◆ **Your assignment**: From the listing below, restate word for word the lines from the line containing "MS license plate XBA902" down through the line containing "Enfant Football Maillot". Exclude pictures.
○ ○ ○ ○
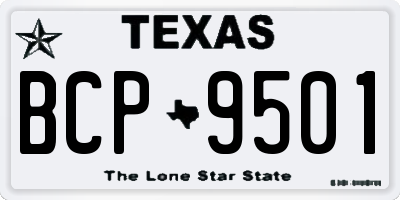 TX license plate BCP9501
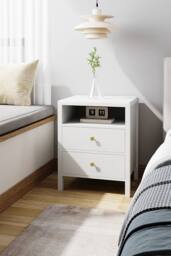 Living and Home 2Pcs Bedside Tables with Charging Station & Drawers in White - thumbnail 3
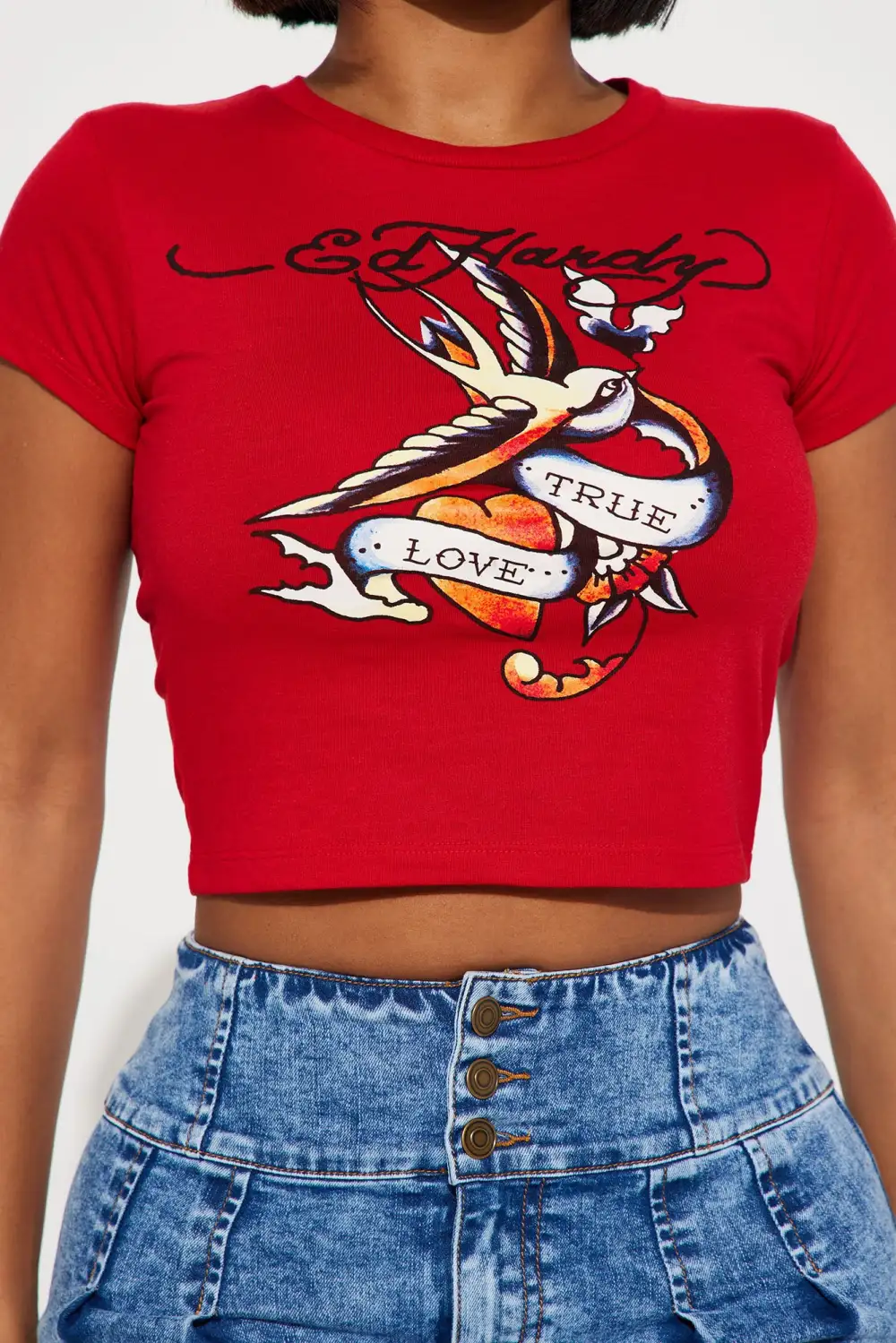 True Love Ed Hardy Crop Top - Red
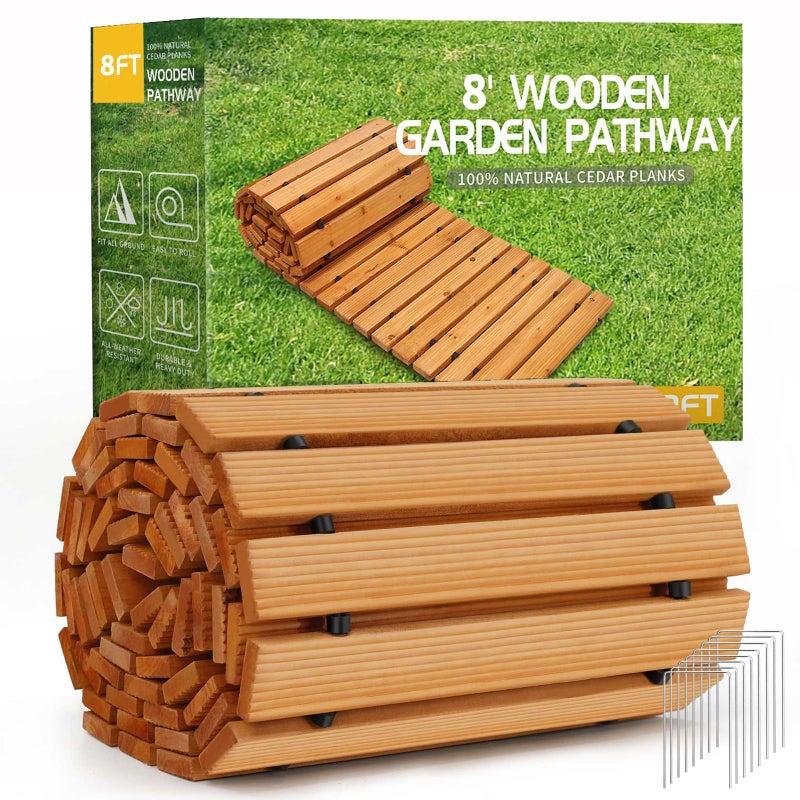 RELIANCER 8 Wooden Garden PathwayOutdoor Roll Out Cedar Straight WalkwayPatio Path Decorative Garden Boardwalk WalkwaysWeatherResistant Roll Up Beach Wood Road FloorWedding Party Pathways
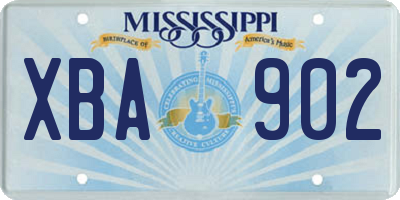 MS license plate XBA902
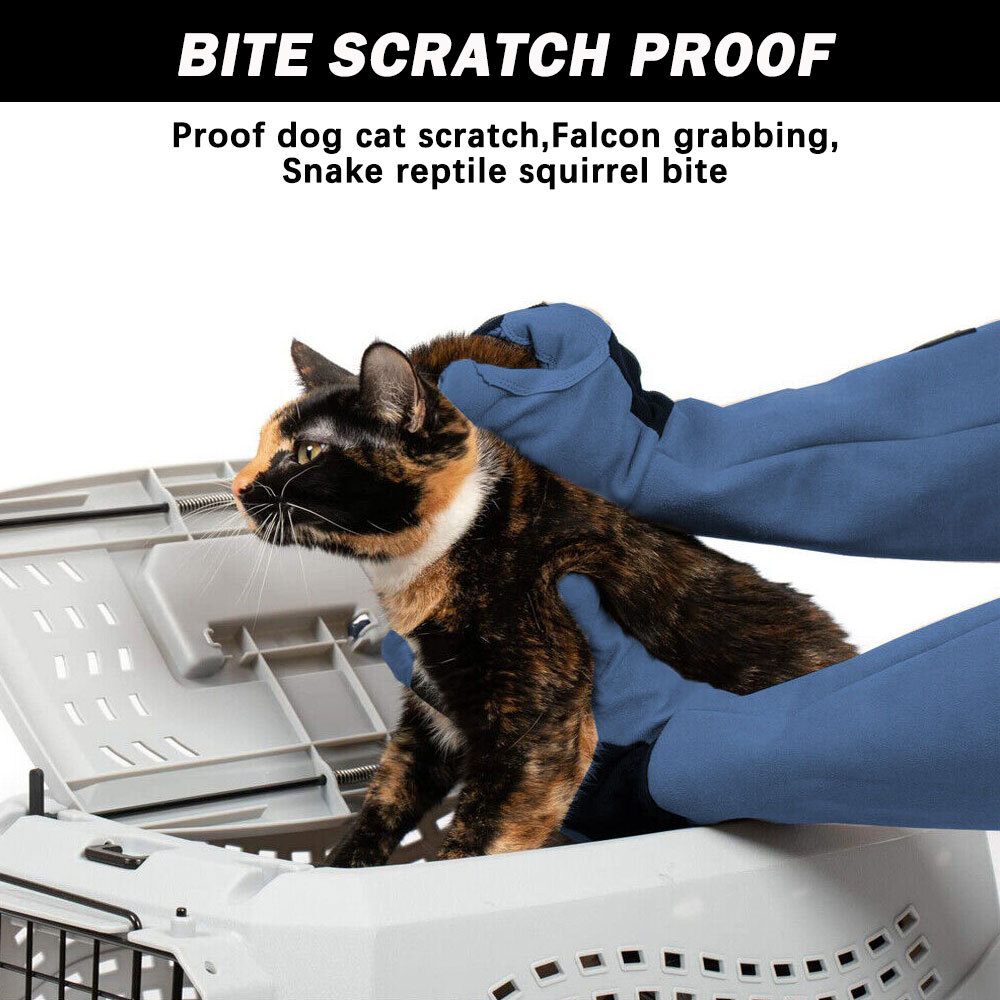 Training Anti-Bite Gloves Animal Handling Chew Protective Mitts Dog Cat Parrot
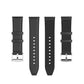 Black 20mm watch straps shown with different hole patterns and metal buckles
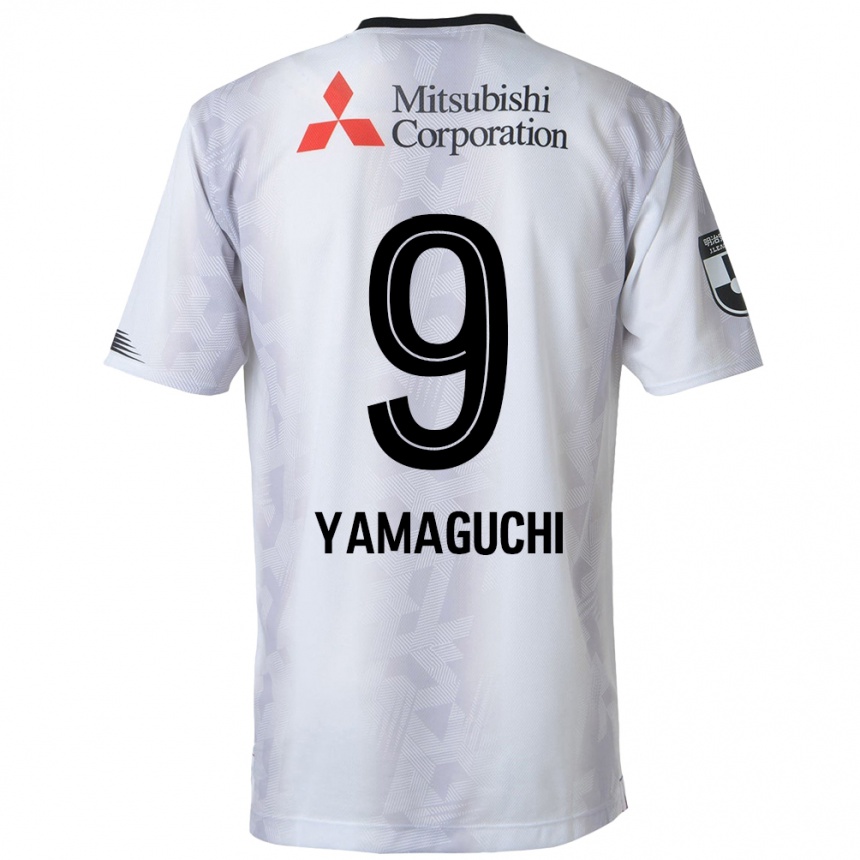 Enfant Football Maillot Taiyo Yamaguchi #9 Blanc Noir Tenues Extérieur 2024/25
○ ○ ○ ○
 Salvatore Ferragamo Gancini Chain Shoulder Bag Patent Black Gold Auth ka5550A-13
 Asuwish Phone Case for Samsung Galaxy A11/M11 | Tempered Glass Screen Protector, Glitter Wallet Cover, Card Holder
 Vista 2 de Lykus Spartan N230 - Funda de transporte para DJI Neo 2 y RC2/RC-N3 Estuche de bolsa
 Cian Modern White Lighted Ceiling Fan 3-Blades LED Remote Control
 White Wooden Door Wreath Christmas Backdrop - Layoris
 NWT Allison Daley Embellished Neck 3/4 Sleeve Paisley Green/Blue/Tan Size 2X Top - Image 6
○ ○ ○ ○
◆ **Output for this exercise**:
 MS license plate XBA902
 Training Anti-Bite Gloves Animal Handling Chew Protective Mitts Dog Cat Parrot
 Black 20mm watch straps shown with different hole patterns and metal buckles
 Enfant Football Maillot Taiyo Yamaguchi #9 Blanc Noir Tenues Extérieur 2024/25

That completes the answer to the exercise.